- Exercise input
-- -- --
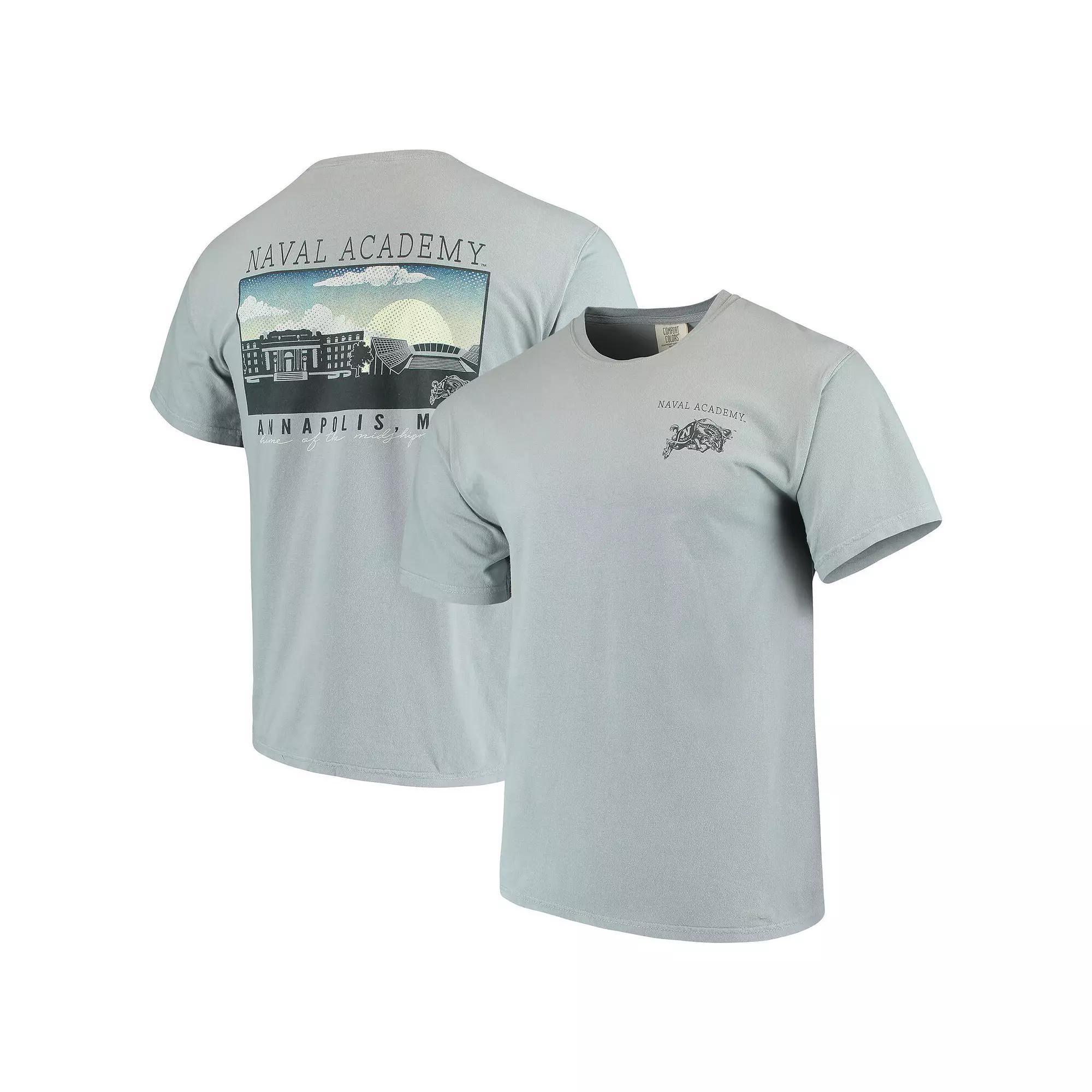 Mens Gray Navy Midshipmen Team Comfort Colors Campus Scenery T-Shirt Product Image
-- -- --
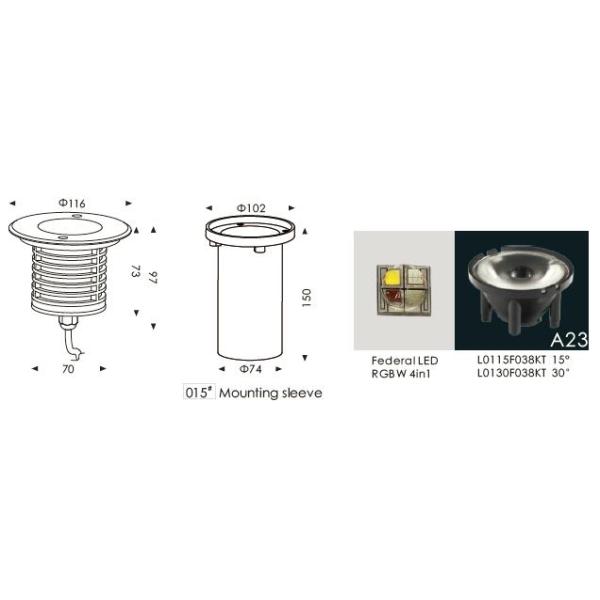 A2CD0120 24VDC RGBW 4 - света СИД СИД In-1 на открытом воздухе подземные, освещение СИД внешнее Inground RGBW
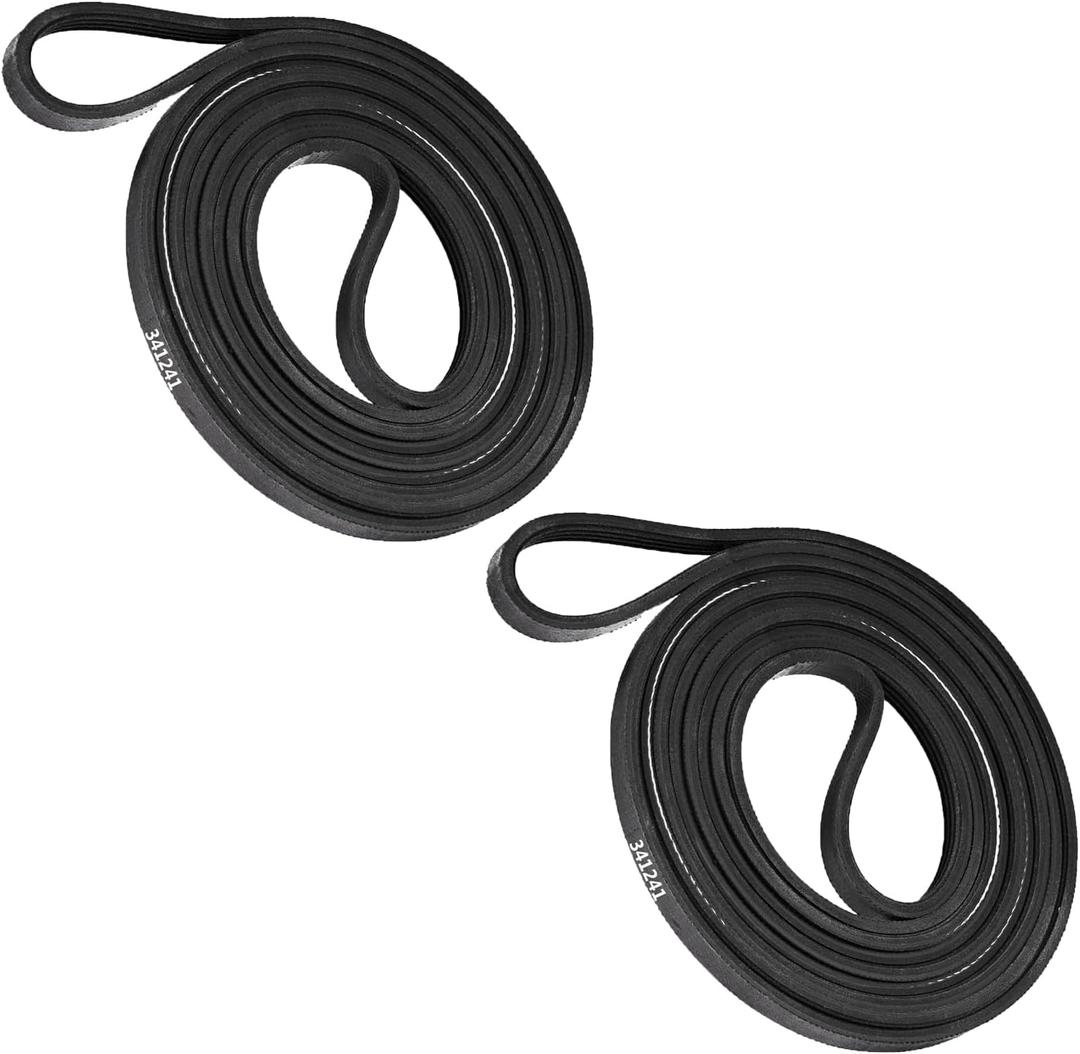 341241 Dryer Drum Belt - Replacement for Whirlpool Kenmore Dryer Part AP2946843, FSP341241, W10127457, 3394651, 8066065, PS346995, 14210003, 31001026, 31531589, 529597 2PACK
-- -- --
- Your goal
From the line with "A2CD0120 24VDC RGBW" up to and including the line with "341241 Dryer Drum" above, retype every line exactly and nothing more; leave out the pictures.

- Result for this task
 A2CD0120 24VDC RGBW 4 - света СИД СИД In-1 на открытом воздухе подземные, освещение СИД внешнее Inground RGBW
 341241 Dryer Drum Belt - Replacement for Whirlpool Kenmore Dryer Part AP2946843, FSP341241, W10127457, 3394651, 8066065, PS346995, 14210003, 31001026, 31531589, 529597 2PACK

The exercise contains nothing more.